Take the lines below from the one with "Release those feet" through the one with "Now what's Condition" and retype them exactly. Include nothing else, and no pictures.

-- Data records --
::::
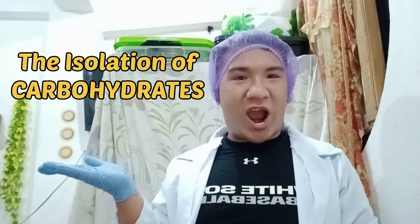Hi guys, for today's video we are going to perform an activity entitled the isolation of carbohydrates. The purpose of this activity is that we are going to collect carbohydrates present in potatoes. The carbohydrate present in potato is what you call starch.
::::
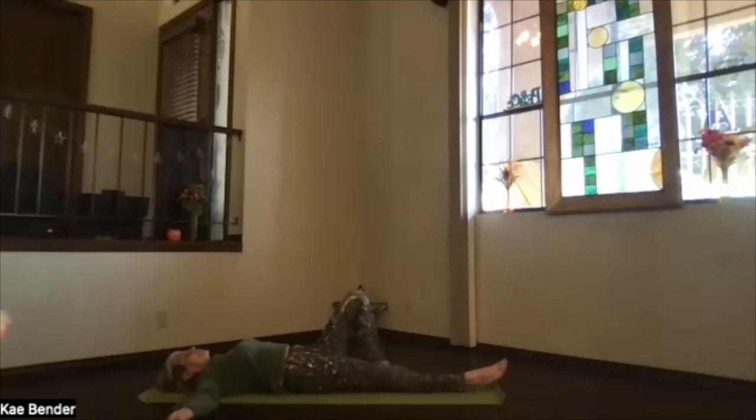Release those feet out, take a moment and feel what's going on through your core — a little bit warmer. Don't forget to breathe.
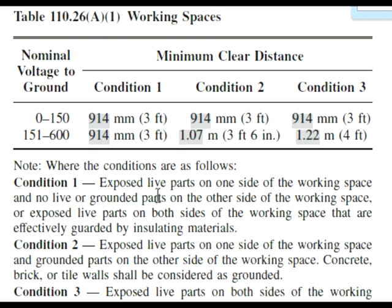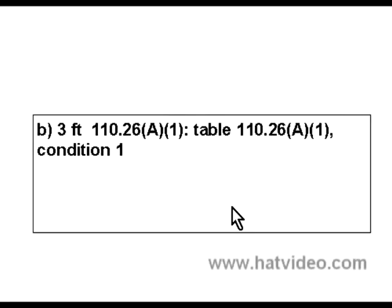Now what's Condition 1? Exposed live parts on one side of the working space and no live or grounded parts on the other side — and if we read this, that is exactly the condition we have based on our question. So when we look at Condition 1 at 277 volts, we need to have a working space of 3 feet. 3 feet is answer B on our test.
::::
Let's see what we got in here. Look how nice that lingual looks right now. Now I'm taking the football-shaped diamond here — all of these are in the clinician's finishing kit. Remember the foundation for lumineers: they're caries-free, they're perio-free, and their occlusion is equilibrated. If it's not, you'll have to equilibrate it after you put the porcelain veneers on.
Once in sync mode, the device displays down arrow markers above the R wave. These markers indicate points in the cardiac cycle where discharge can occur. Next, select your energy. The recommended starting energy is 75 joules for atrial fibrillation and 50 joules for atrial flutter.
::::
-- Solution to the exercise --
Release those feet out, take a moment and feel what's going on through your core — a little bit warmer. Don't forget to breathe.
Now what's Condition 1? Exposed live parts on one side of the working space and no live or grounded parts on the other side — and if we read this, that is exactly the condition we have based on our question. So when we look at Condition 1 at 277 volts, we need to have a working space of 3 feet. 3 feet is answer B on our test.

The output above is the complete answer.